_The problem_
Please restate the listing word for word, omitting the images.

_Information provided_
○ ○ ○ ○ ○
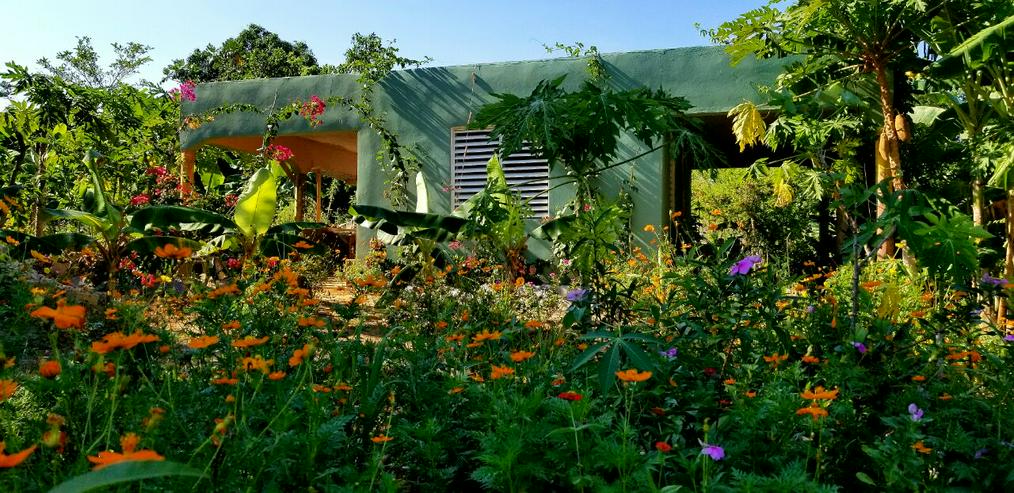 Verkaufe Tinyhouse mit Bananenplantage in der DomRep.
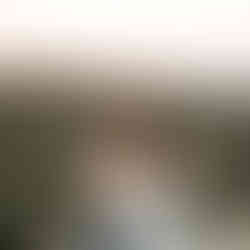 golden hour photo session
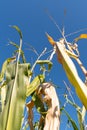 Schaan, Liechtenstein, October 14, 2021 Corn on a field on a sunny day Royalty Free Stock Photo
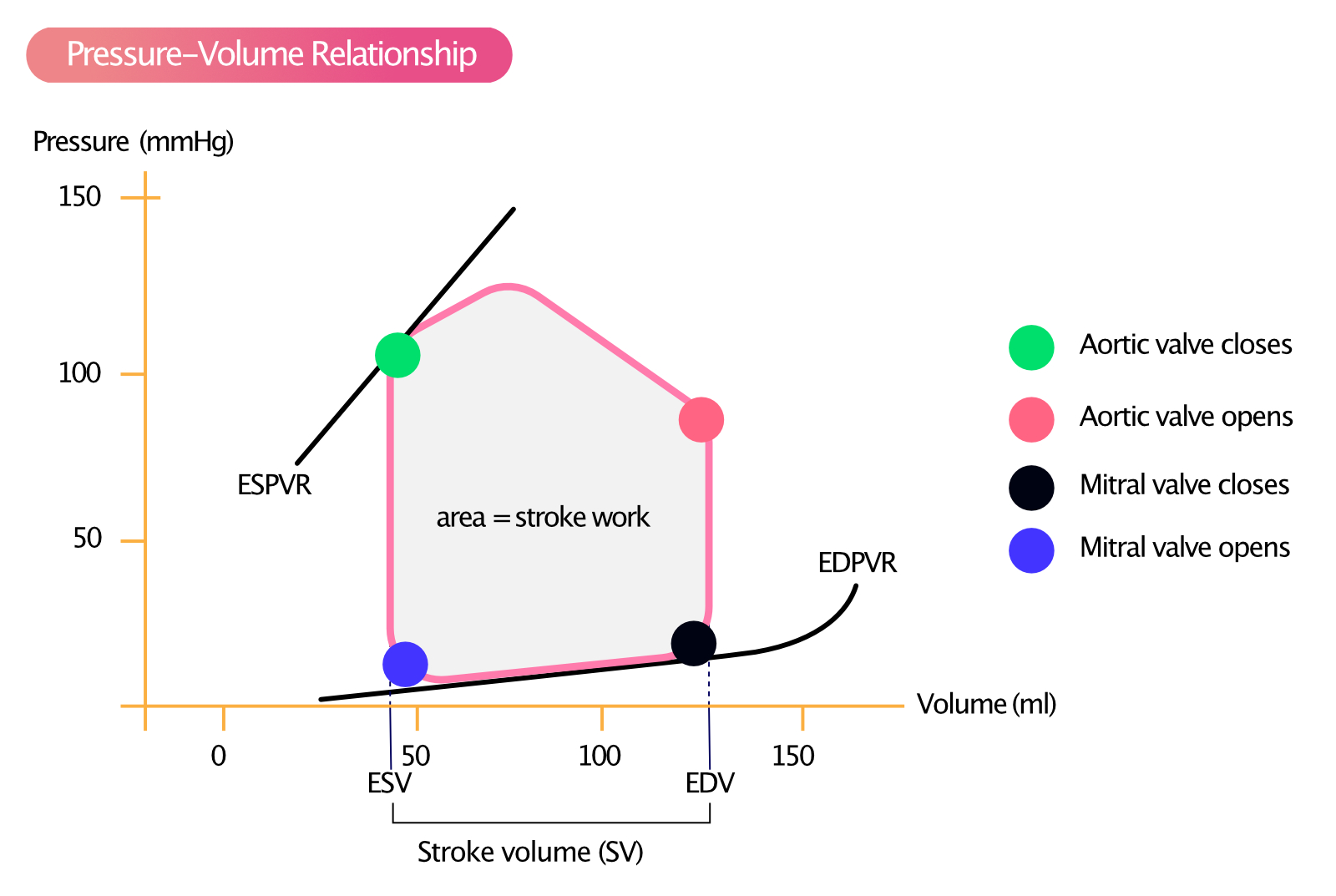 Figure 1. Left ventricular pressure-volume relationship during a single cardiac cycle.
○ ○ ○ ○ ○
_Response_
 Verkaufe Tinyhouse mit Bananenplantage in der DomRep.
 golden hour photo session
 Schaan, Liechtenstein, October 14, 2021 Corn on a field on a sunny day Royalty Free Stock Photo
 Figure 1. Left ventricular pressure-volume relationship during a single cardiac cycle.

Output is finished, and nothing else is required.